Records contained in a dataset
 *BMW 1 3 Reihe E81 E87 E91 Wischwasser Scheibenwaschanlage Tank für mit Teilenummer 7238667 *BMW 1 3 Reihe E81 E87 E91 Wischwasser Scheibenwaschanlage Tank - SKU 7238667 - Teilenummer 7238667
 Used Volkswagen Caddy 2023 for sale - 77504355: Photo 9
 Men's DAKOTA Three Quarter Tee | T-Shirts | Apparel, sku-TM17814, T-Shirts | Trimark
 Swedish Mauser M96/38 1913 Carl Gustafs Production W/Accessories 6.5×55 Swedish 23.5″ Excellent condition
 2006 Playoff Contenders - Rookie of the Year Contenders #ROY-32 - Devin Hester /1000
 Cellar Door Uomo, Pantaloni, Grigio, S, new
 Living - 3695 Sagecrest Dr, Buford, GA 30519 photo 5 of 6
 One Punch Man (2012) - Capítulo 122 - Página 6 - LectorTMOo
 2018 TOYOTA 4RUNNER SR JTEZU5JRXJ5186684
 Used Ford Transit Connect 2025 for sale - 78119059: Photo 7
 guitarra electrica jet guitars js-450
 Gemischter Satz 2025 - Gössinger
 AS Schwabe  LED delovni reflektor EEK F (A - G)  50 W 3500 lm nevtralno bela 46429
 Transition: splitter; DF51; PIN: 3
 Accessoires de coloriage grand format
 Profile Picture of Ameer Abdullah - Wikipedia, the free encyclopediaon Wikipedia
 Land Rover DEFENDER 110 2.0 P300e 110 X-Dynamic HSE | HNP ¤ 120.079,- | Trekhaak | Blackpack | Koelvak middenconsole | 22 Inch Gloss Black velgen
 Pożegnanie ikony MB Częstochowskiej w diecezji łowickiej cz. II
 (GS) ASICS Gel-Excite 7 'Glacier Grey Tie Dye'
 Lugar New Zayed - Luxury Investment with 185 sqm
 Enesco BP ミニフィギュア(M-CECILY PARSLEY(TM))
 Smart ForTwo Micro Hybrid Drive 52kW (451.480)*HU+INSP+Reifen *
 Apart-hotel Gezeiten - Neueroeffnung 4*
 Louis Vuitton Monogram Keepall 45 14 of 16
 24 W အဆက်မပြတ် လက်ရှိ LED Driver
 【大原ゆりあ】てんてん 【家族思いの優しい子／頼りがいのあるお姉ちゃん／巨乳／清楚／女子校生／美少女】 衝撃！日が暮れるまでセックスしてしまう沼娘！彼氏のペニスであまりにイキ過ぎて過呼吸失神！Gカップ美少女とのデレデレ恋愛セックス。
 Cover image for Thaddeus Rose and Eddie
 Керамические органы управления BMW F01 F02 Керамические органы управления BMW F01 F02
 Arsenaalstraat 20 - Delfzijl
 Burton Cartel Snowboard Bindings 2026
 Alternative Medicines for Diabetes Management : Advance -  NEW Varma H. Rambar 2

◆ PROBLEM TO WORK ON ◆
Return each entry above exactly, leaving none out.

◆ WRITTEN RESPONSE ◆
 *BMW 1 3 Reihe E81 E87 E91 Wischwasser Scheibenwaschanlage Tank für mit Teilenummer 7238667 *BMW 1 3 Reihe E81 E87 E91 Wischwasser Scheibenwaschanlage Tank - SKU 7238667 - Teilenummer 7238667
 Used Volkswagen Caddy 2023 for sale - 77504355: Photo 9
 Men's DAKOTA Three Quarter Tee | T-Shirts | Apparel, sku-TM17814, T-Shirts | Trimark
 Swedish Mauser M96/38 1913 Carl Gustafs Production W/Accessories 6.5×55 Swedish 23.5″ Excellent condition
 2006 Playoff Contenders - Rookie of the Year Contenders #ROY-32 - Devin Hester /1000
 Cellar Door Uomo, Pantaloni, Grigio, S, new
 Living - 3695 Sagecrest Dr, Buford, GA 30519 photo 5 of 6
 One Punch Man (2012) - Capítulo 122 - Página 6 - LectorTMOo
 2018 TOYOTA 4RUNNER SR JTEZU5JRXJ5186684
 Used Ford Transit Connect 2025 for sale - 78119059: Photo 7
 guitarra electrica jet guitars js-450
 Gemischter Satz 2025 - Gössinger
 AS Schwabe  LED delovni reflektor EEK F (A - G)  50 W 3500 lm nevtralno bela 46429
 Transition: splitter; DF51; PIN: 3
 Accessoires de coloriage grand format
 Profile Picture of Ameer Abdullah - Wikipedia, the free encyclopediaon Wikipedia
 Land Rover DEFENDER 110 2.0 P300e 110 X-Dynamic HSE | HNP ¤ 120.079,- | Trekhaak | Blackpack | Koelvak middenconsole | 22 Inch Gloss Black velgen
 Pożegnanie ikony MB Częstochowskiej w diecezji łowickiej cz. II
 (GS) ASICS Gel-Excite 7 'Glacier Grey Tie Dye'
 Lugar New Zayed - Luxury Investment with 185 sqm
 Enesco BP ミニフィギュア(M-CECILY PARSLEY(TM))
 Smart ForTwo Micro Hybrid Drive 52kW (451.480)*HU+INSP+Reifen *
 Apart-hotel Gezeiten - Neueroeffnung 4*
 Louis Vuitton Monogram Keepall 45 14 of 16
 24 W အဆက်မပြတ် လက်ရှိ LED Driver
 【大原ゆりあ】てんてん 【家族思いの優しい子／頼りがいのあるお姉ちゃん／巨乳／清楚／女子校生／美少女】 衝撃！日が暮れるまでセックスしてしまう沼娘！彼氏のペニスであまりにイキ過ぎて過呼吸失神！Gカップ美少女とのデレデレ恋愛セックス。
 Cover image for Thaddeus Rose and Eddie
 Керамические органы управления BMW F01 F02 Керамические органы управления BMW F01 F02
 Arsenaalstraat 20 - Delfzijl
 Burton Cartel Snowboard Bindings 2026
 Alternative Medicines for Diabetes Management : Advance -  NEW Varma H. Rambar 2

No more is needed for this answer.